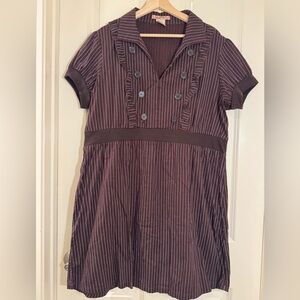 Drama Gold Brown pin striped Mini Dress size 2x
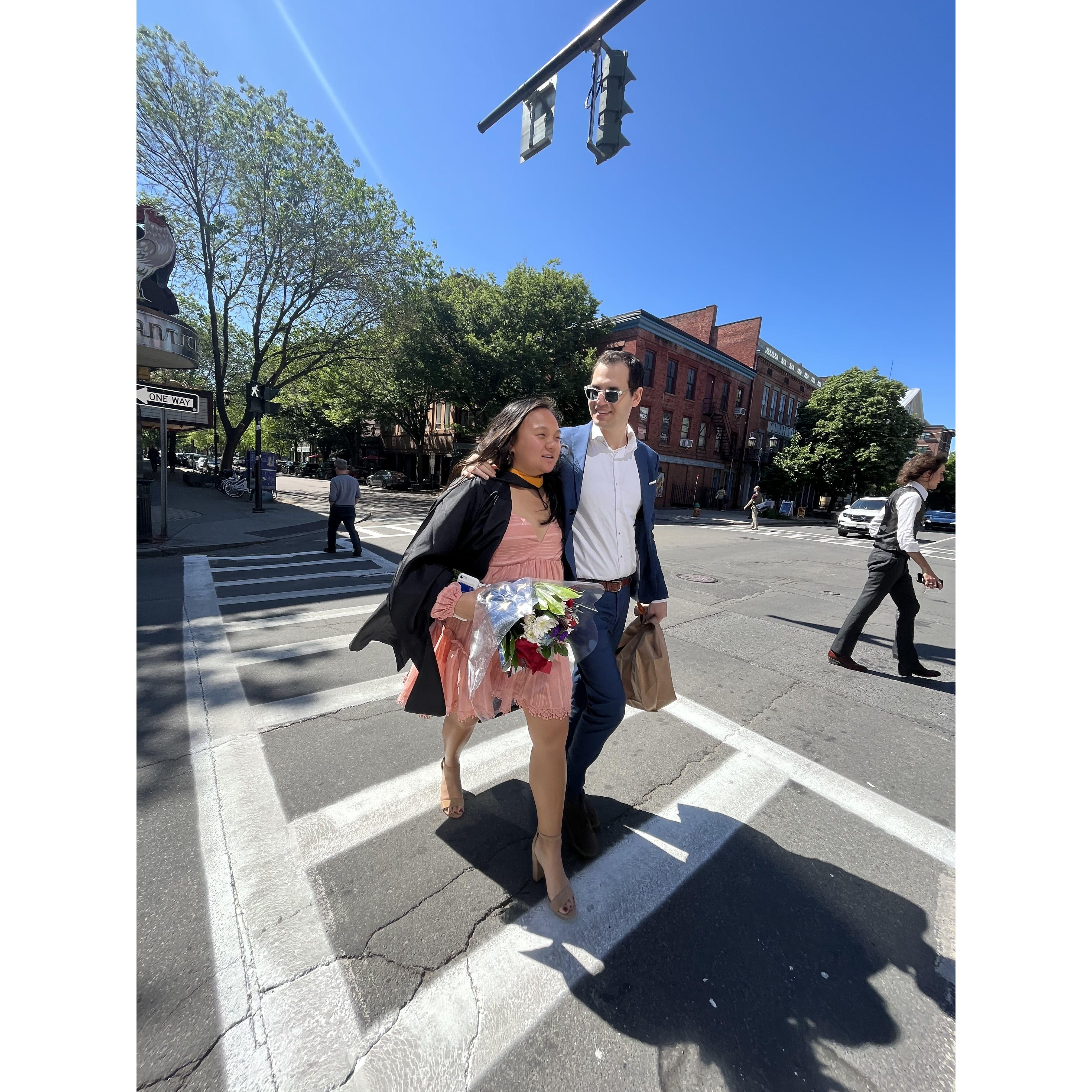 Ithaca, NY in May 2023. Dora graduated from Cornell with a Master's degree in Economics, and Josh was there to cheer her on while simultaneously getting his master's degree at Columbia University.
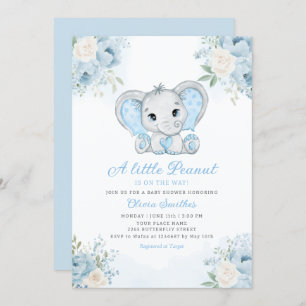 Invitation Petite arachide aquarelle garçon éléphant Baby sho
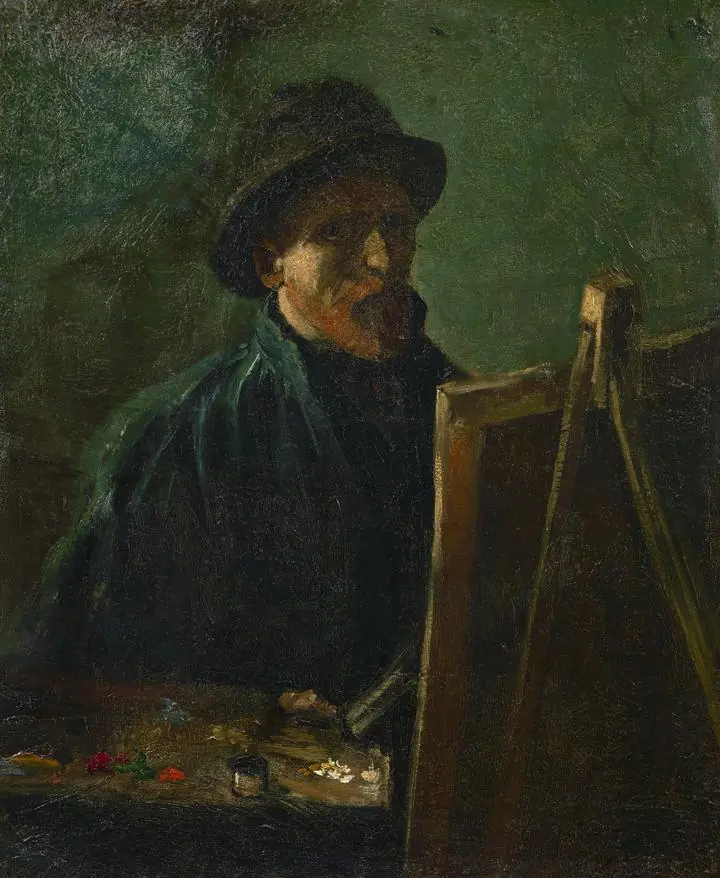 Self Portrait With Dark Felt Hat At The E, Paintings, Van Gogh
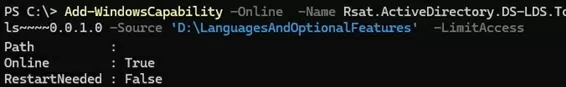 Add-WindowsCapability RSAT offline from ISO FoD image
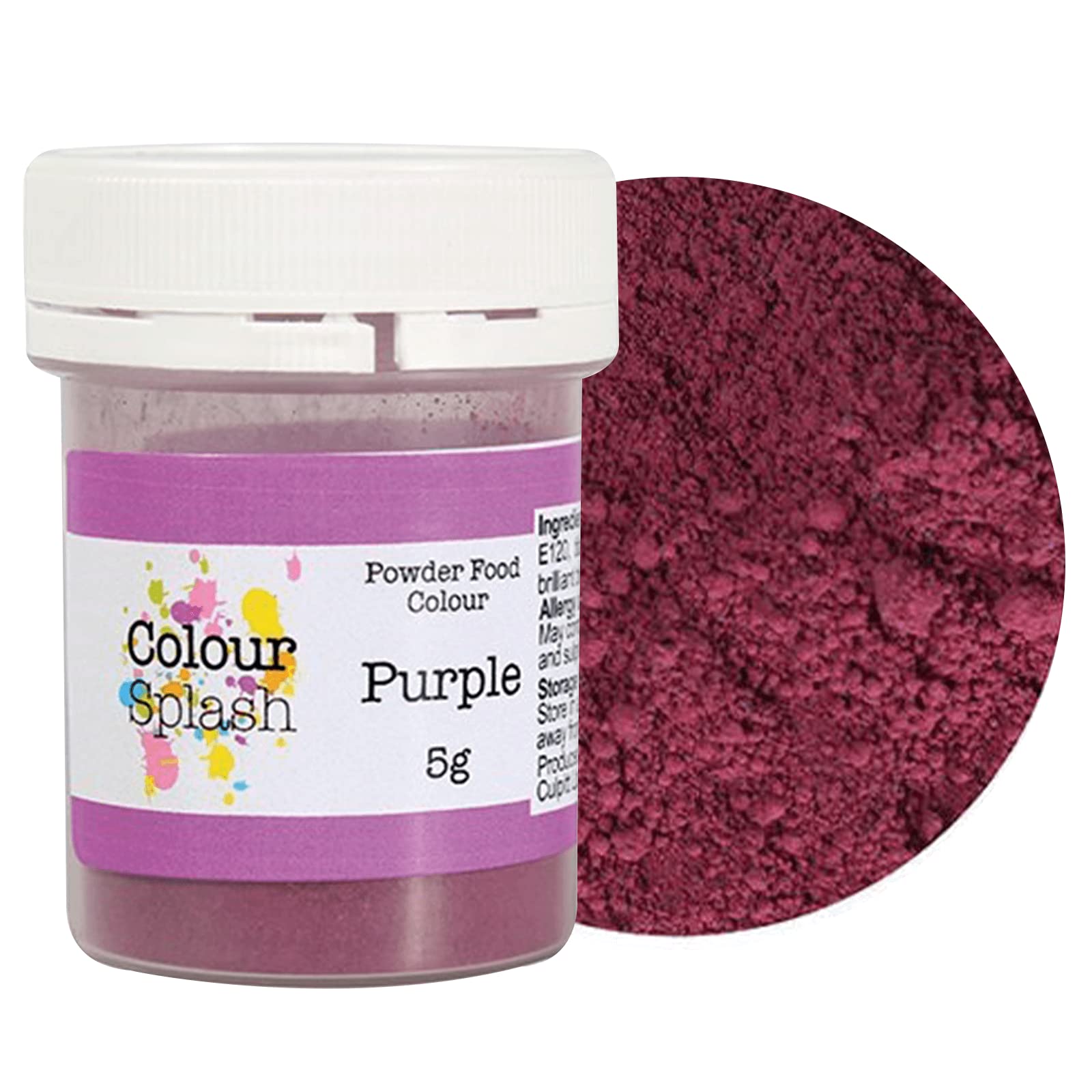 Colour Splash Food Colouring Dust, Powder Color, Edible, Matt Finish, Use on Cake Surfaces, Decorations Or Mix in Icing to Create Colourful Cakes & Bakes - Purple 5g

_About this task_
Set down the records above exactly, leaving out pictures.

_Result of this exercise_
 Drama Gold Brown pin striped Mini Dress size 2x
 Ithaca, NY in May 2023. Dora graduated from Cornell with a Master's degree in Economics, and Josh was there to cheer her on while simultaneously getting his master's degree at Columbia University.
 Invitation Petite arachide aquarelle garçon éléphant Baby sho
 Self Portrait With Dark Felt Hat At The E, Paintings, Van Gogh
 Add-WindowsCapability RSAT offline from ISO FoD image
 Colour Splash Food Colouring Dust, Powder Color, Edible, Matt Finish, Use on Cake Surfaces, Decorations Or Mix in Icing to Create Colourful Cakes & Bakes - Purple 5g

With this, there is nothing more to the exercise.